How quickly were the days following that Easter Sunday and soon I was no longer thinking about drain covers, wobbly pavements and even wobblier political policies (although to be completely honest, I think once you have been a Councillor, you don’t really ever stop noticing those things.  Indeed the civic geek in me used to check out other countries recycling facilities when on holiday… that is being honest!).

My attention instead moved to home communion sets, the pros and cons of new and traditional language for baptisms and the etiquette for attending a children’s wedding as part of their RE Curriculum.  To explain, within a few weeks of standing down as a Councillor, I was embarking on the next stage of my journey with a Church Placement on the other side of Cambridge.IMG_3625

One of the first things I got involved with was a “global wave of prayer” which is the Archbishop of Canterbury’s initiative (Thy Kingdom Come.

Encouraging people to pray for individuals, family, community and nation, focussing around the Lord’s Prayer.
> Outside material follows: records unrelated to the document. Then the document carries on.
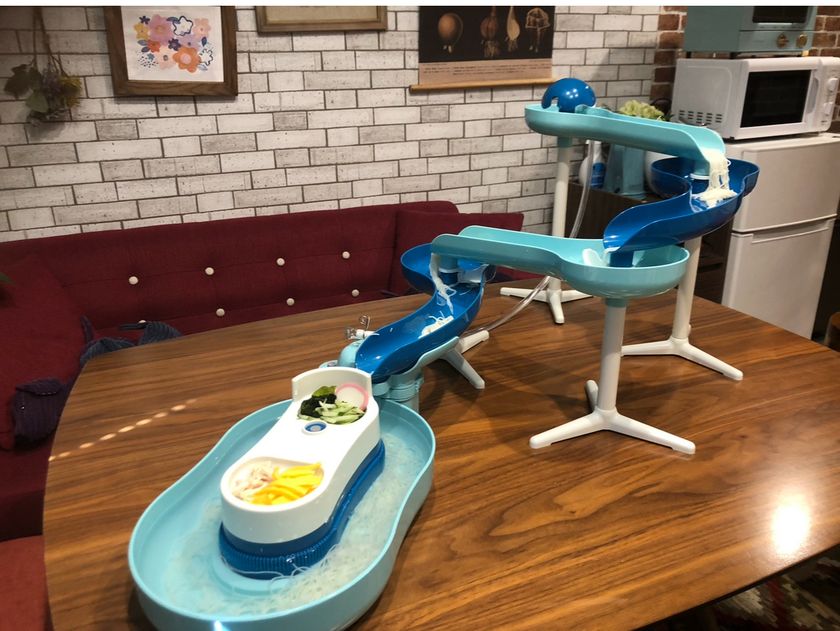 鷺ノ宮の泊まれるからくり屋敷ホーリーハウス
夏季限定室内で楽しむ【流しそうめん体験】7月1日スタート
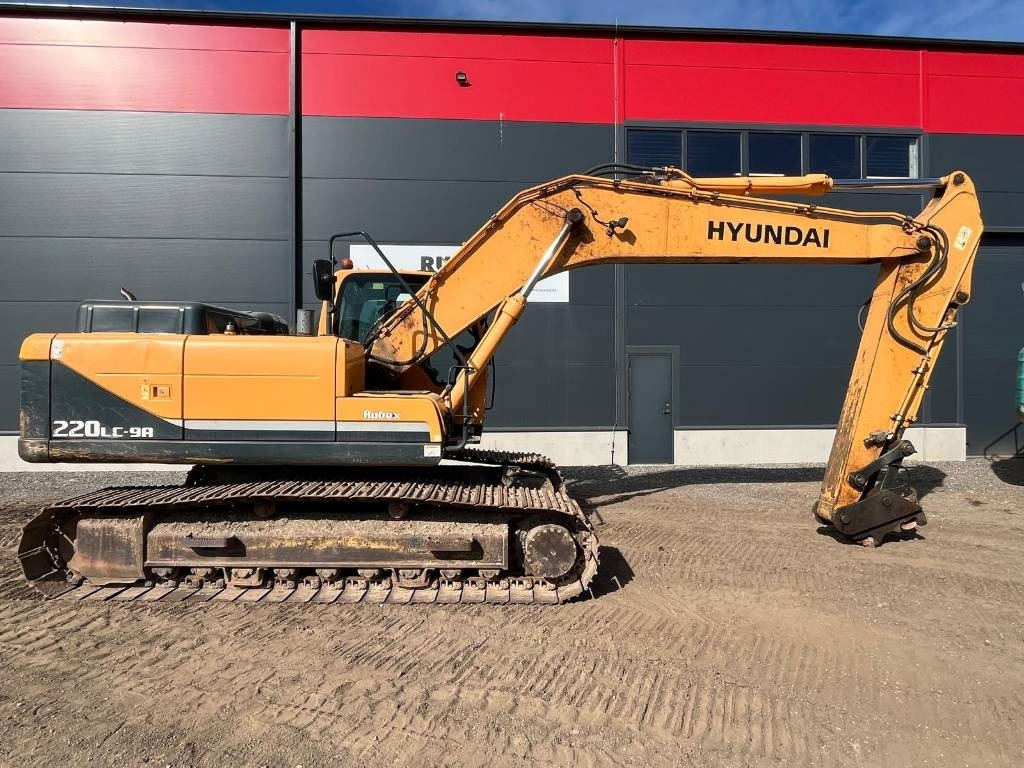 Hyundai Robex 220 LC-9 A - Pásové rýpadlo: obrázek 4 Hyundai Robex 220 LC-9 A - Pásové rýpadlo: obrázek 4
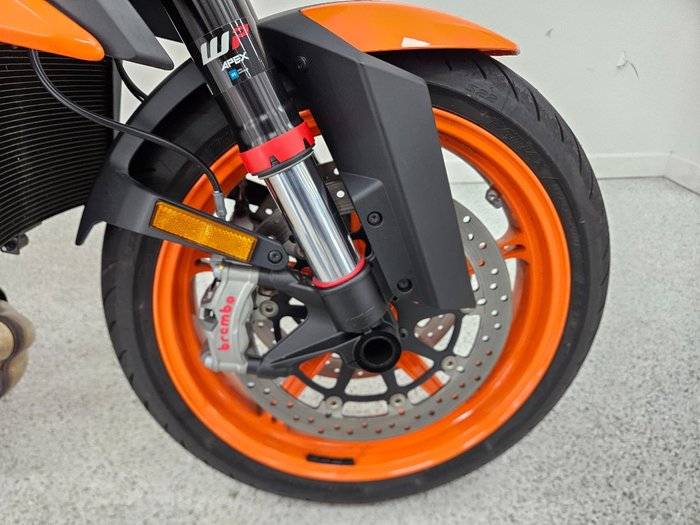 2023 Ktm 1290 SUPER DUKE R Orange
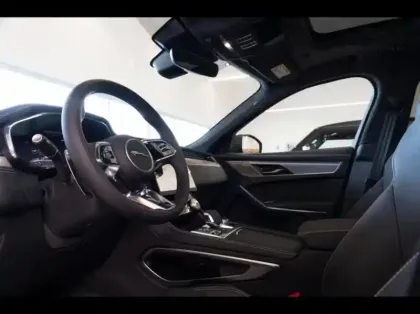 Photo 5 Jaguar F-Pace  P400e Plug-in-Hybrid R-Dynamic HSE BVA8 AWD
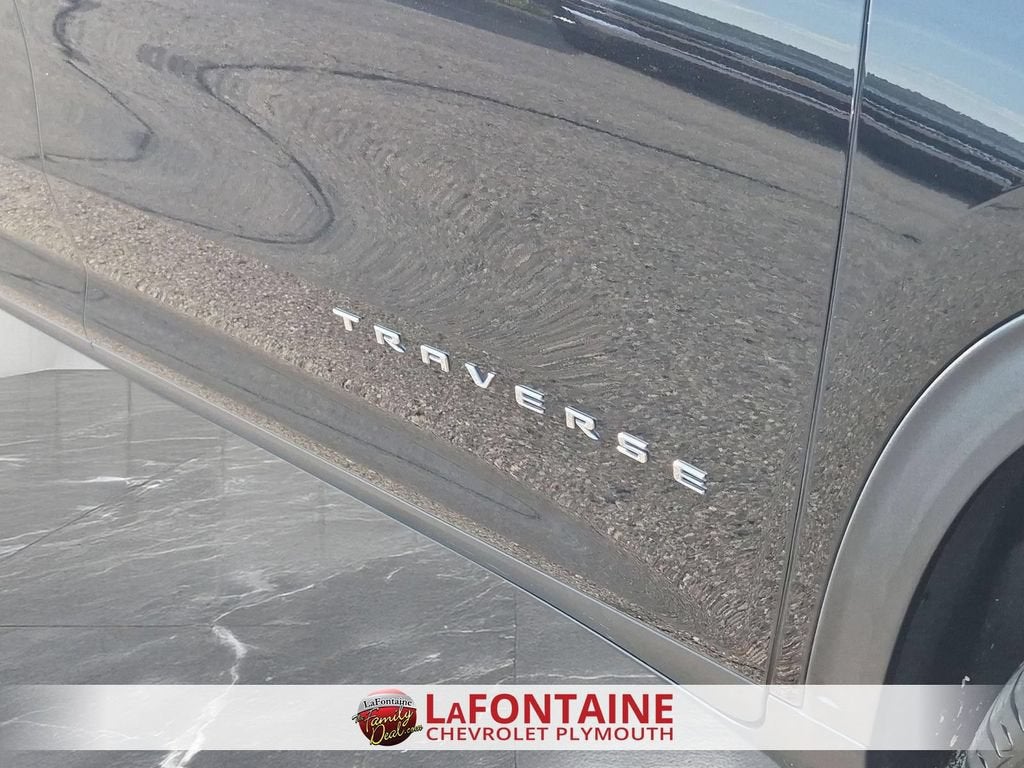 2024 Chevrolet Traverse LS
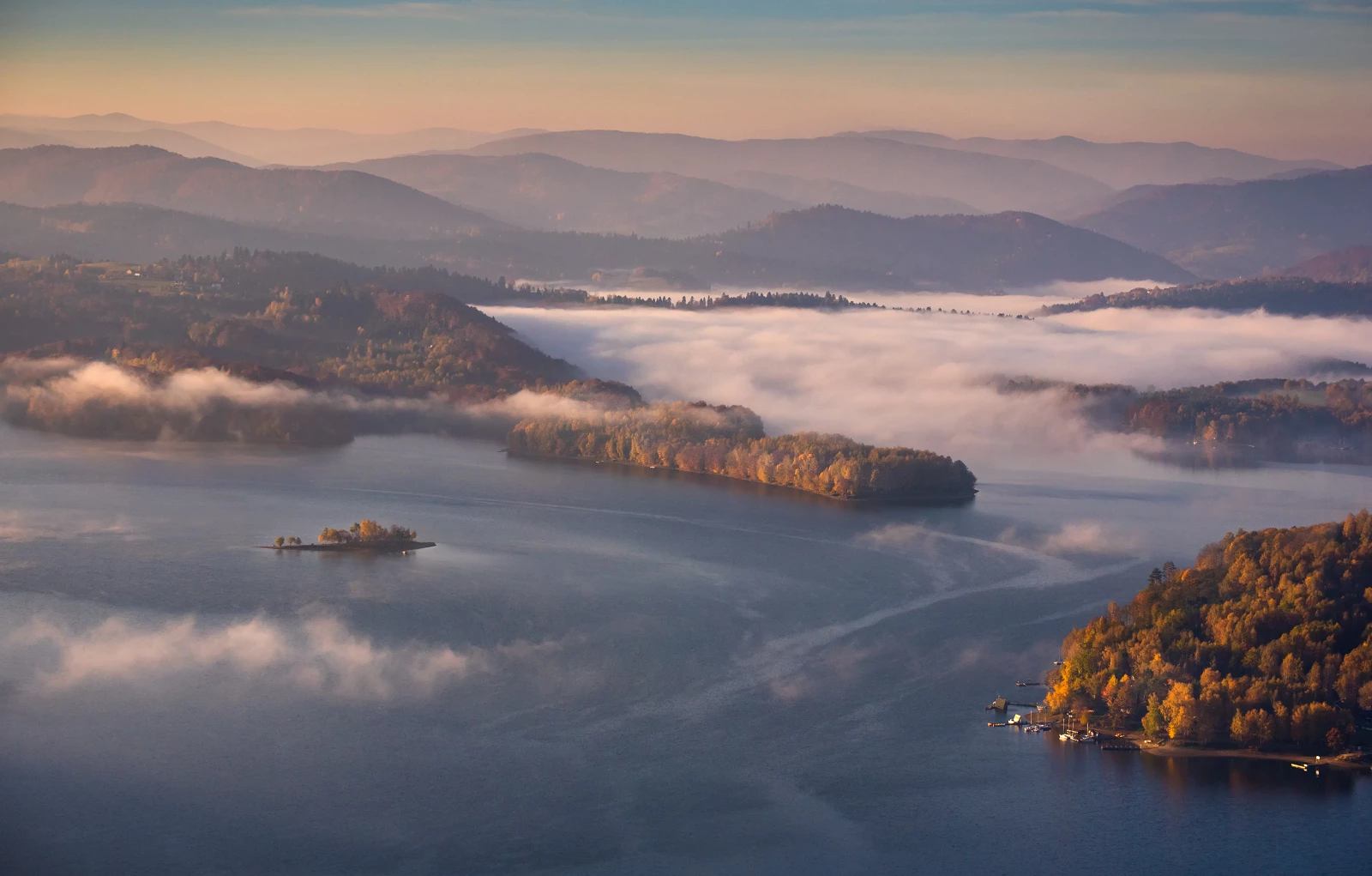 314_Bieszczady Solina.jpg fot. Piotr Lisowski_11zon.webp [703.88 KB]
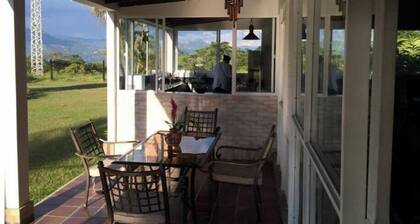 Charming and magical farm, southwest Antioquia, with swimming pool and tennis courts.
I offered to put a press release together and I was pleased that one of the curates was asked to be on the BBC Cambs Faith Show (1 hr 23 mins in).   

I took part in the daily reflection on the Lord’s prayer at St Clement’s Church.  Each day we explored different ways of praying from meditative reflection to drawing and journeying with different cultures and versions of the Lord’s prayer.  All of which re-emphasised in me how each of us connects and responds to different approaches.  

I was moved how many people came through the doors of St Clement’s who had never been there before and indeed in particular at least one person who had never been in a Church.  This particular little girl was brought in by her mum who when confronted with the prayer for the Manchester bombing, loudly explained to her daughter about the prayer.  Just one example of the way that prayer continues to be part of the human response to the world.


The last day of the week of prayer, culminated locally in Great St Mary’s.  It was an extraordinary and eclectic site to have some 250 Christians representing a whole variety of denominations praying and coming together amongst such ancients surroundings.  If anything can give hope in the darkness of the times we are living in, then surely it is the sight of all churches together.  

Beacon Service

Despite all their differences all stood together, committing to serving Cambridge in so many different ways and lit from the same candle of Christ.






That evening we prayed not only for peace, but that we may be the peacemakers.  It was in this act of solidarity that the holy spirit was truly felt and the meaning of Thy Kingdom Come, lives.